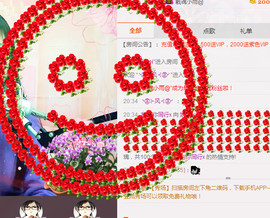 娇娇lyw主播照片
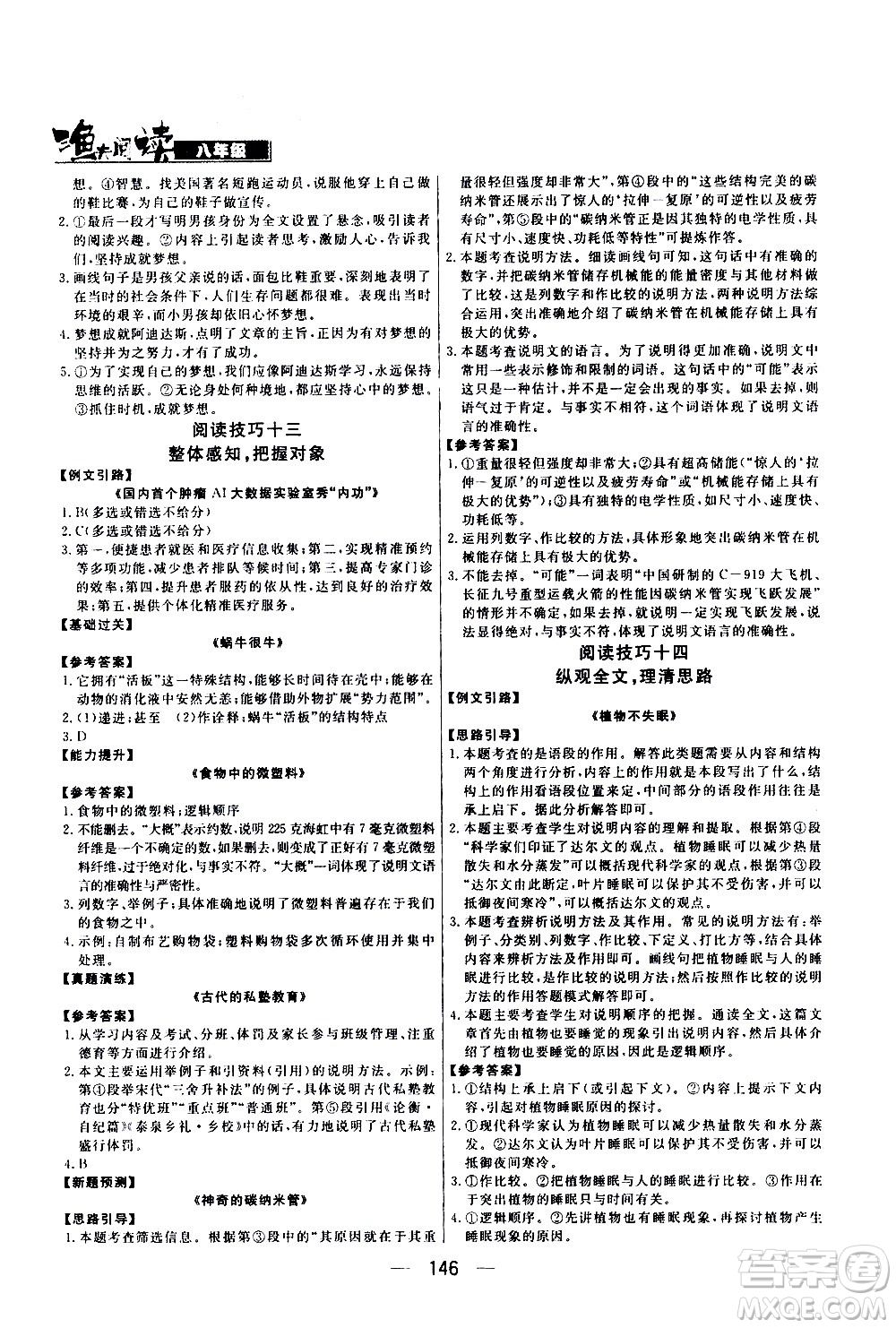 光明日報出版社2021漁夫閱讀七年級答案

---

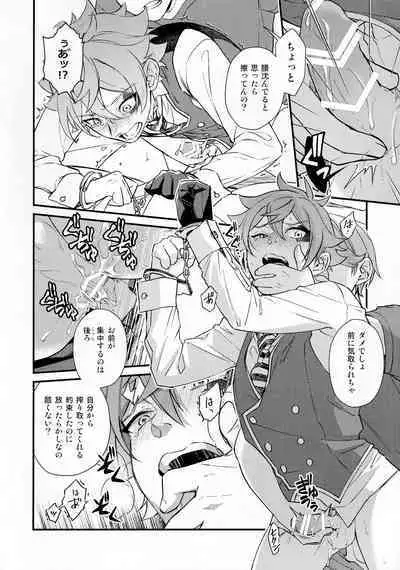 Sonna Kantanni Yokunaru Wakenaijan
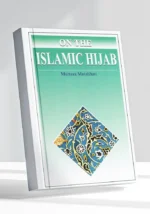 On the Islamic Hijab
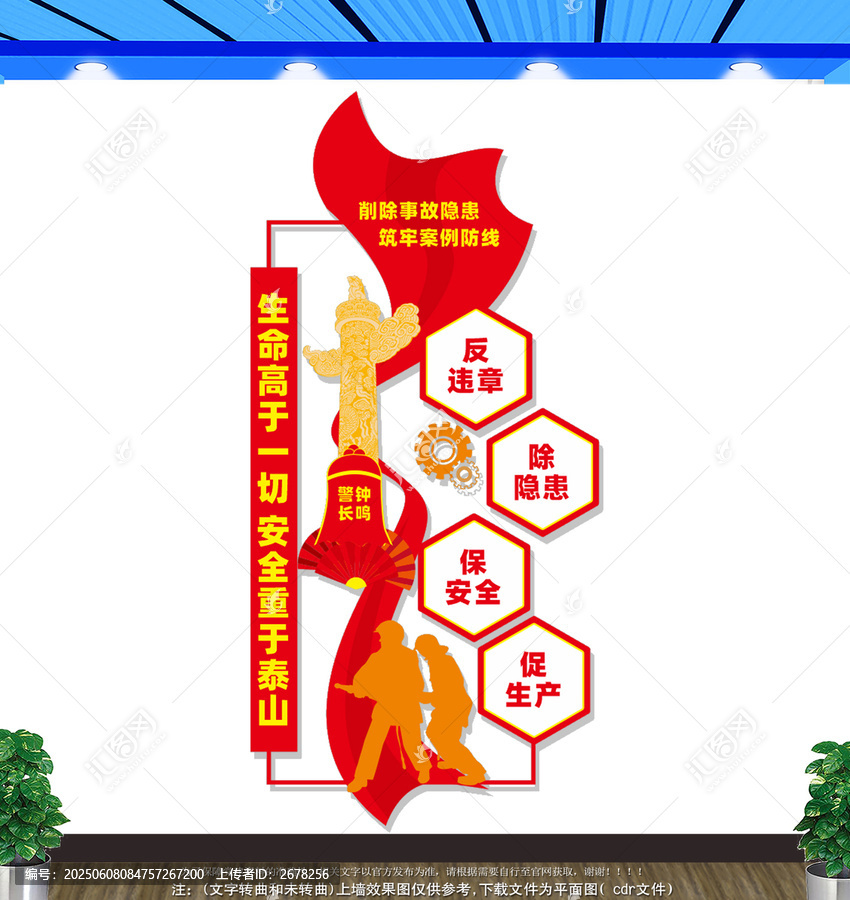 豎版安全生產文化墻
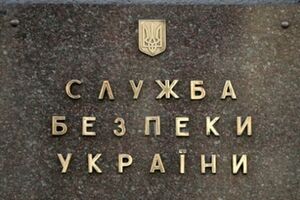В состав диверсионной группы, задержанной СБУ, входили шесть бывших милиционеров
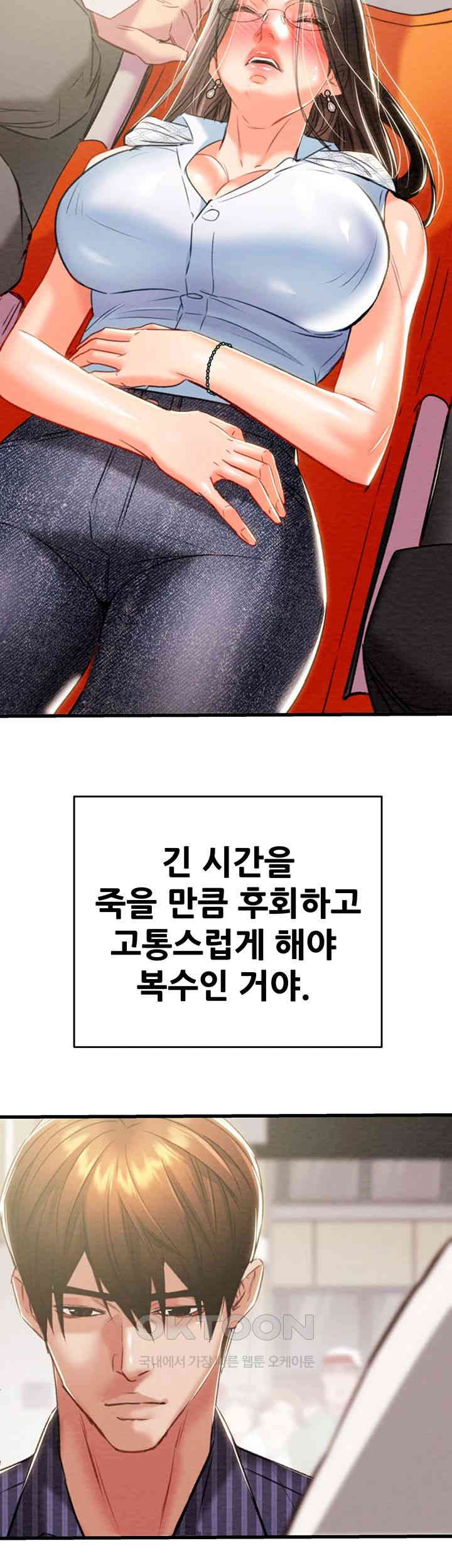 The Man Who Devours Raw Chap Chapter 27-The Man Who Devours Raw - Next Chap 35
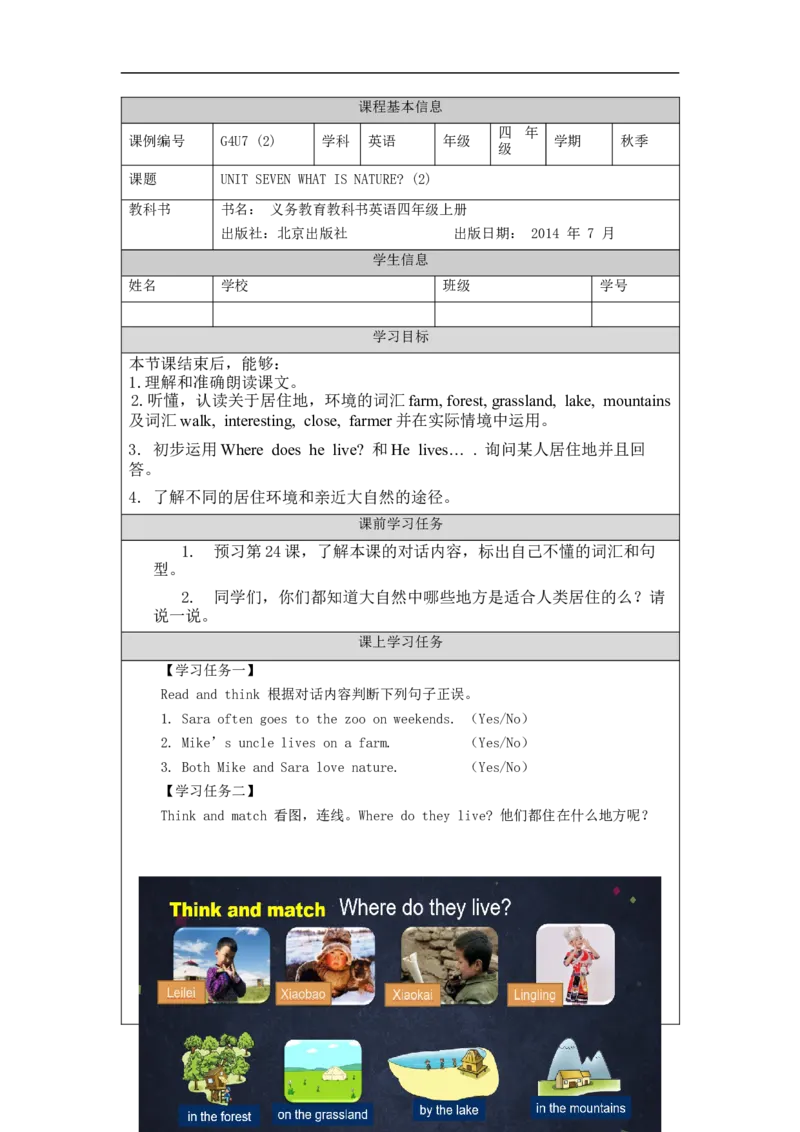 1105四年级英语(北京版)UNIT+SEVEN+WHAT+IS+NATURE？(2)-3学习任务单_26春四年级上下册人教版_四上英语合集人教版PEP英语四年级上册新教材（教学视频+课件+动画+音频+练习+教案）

### DESCRIPTION OF THE TASK
What are the lines in the records above, word for word, from the one containing "Sonna Kantanni Yokunaru Wakenaijan" through the one containing "1105四年级英语(北京版)", both ends included and pictures left out?

### WRITTEN REPLY
 Sonna Kantanni Yokunaru Wakenaijan
 On the Islamic Hijab
 豎版安全生產文化墻
В состав диверсионной группы, задержанной СБУ, входили шесть бывших милиционеров
 The Man Who Devours Raw Chap Chapter 27-The Man Who Devours Raw - Next Chap 35
 1105四年级英语(北京版)UNIT+SEVEN+WHAT+IS+NATURE？(2)-3学习任务单_26春四年级上下册人教版_四上英语合集人教版PEP英语四年级上册新教材（教学视频+课件+动画+音频+练习+教案）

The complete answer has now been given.